Após um breve período de trégua, o senador Renan Calheiros (MDB) voltou a criticar o deputado federal Arthur Lira (PP), seu principal rival político em Alagoas e um dos adversários na busca por uma das duas vagas ao Senado na eleição deste ano. Renan, que busca o quinto mandato consecutivo, retomou os ataques em meio a um cenário de tensão no Congresso, onde a disputa pelo controle da Mesa Diretora e a sucessão na presidência da Câmara dos Deputados têm gerado embates frequentes. A trégua, que havia sido estabelecida após acordos pontuais, foi rompida com novas declarações do senador, que acusa Lira de usar o cargo para beneficiar aliados e enfraquecer adversários. A corrida eleitoral em Alagoas, estado-chave para o governo federal, ganha contornos nacionais, com ambos os políticos articulando alianças e recursos para garantir a vitória.
As críticas de Renan Calheiros a Arthur Lira ocorrem em um momento de acirramento da disputa política no Congresso, onde a eleição para o Senado em 2026 já mobiliza lideranças de diversos partidos. Enquanto Renan, veterano do MDB, aposta em sua experiência e base eleitoral consolidada, Lira, que comanda a Câmara dos Deputados desde 2021, utiliza sua influência parlamentar para expandir seu capital político. A rivalidade, que remonta a décadas, reflete não apenas disputas locais, mas também o embate entre diferentes facções do centrão e da oposição no cenário nacional. A ausência de uma trégua duradoura indica que a campanha será marcada por ataques mútuos e mobilização de recursos, com impacto direto na governabilidade e nas pautas do Congresso.
Panorama político e impactos regionais
A disputa em Alagoas ganha relevância nacional porque ambos os políticos têm influência direta na articulação do governo federal. Renan Calheiros, que já foi presidente do Senado, é um dos principais interlocutores do MDB no Congresso, enquanto Arthur Lira, como presidente da Câmara, controla a pauta de votações e negociações com o Executivo. A troca de farpas entre eles, registrada em discursos e entrevistas, expõe a fragilidade das alianças no centrão e pode afetar a aprovação de projetos prioritários, como a reforma tributária e o orçamento de 2026. Além disso, a corrida pelo Senado em Alagoas, que oferece duas vagas, atrai outros candidatos, como o ex-governador e o atual vice-governador, ampliando a complexidade do cenário eleitoral.
Para especialistas, a retomada das críticas de Renan a Lira sinaliza que a trégua foi apenas um respiro tático, e não uma reconciliação. Enquanto Renan busca se posicionar como defensor da ética e da independência do Legislativo, Lira rebate com acusações de oportunismo e de uso da máquina pública. A polarização entre os dois, que já dominou a política alagoana por anos, promete esquentar ainda mais nos próximos meses, com reflexos nas eleições municipais de 2024 e na sucessão presidencial de 2026. O portal Política Alagoana, que divulgou a notícia original, destaca que a briga expõe a falta de unidade no centrão e pode beneficiar candidatos de oposição, como os do PT e do PL, que miram as vagas no Senado.
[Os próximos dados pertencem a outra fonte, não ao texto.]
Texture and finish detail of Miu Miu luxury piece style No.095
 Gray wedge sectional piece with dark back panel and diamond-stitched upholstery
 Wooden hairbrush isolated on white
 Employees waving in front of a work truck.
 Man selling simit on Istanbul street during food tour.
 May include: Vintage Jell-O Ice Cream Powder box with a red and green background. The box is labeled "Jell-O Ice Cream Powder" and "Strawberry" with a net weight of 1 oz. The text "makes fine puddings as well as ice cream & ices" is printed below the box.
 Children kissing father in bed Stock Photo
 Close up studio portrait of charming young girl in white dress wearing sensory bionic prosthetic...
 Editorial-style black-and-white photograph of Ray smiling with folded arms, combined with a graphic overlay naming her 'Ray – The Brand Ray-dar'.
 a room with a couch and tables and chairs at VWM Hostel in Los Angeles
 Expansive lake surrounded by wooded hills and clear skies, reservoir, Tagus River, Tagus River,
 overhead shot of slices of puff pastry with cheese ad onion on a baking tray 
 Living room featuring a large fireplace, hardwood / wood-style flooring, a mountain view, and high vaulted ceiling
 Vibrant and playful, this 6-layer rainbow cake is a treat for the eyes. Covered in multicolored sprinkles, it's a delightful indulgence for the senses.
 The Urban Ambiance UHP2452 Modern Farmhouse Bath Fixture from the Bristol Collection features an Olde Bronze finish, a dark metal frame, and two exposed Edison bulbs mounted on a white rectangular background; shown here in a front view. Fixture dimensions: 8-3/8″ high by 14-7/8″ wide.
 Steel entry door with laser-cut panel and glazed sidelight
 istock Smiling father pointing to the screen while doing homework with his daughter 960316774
Enquanto isso, no Congresso, a disputa entre Renan Calheiros e Arthur Lira já ecoa em outras frentes. A Disputa pelo Senado esquenta: Renan Calheiros e Arthur Lira trocam farpas em meio a embates no Congresso e o Renan Calheiros volta a fustigar Arthur Lira e acirra disputa no Congresso são exemplos de como a rivalidade se intensifica, com ambos os lados usando a mídia e as redes sociais para mobilizar apoiadores. A expectativa é que, nos próximos meses, novos episódios de confronto surjam, especialmente durante a tramitação de projetos de lei e a definição de alianças partidárias.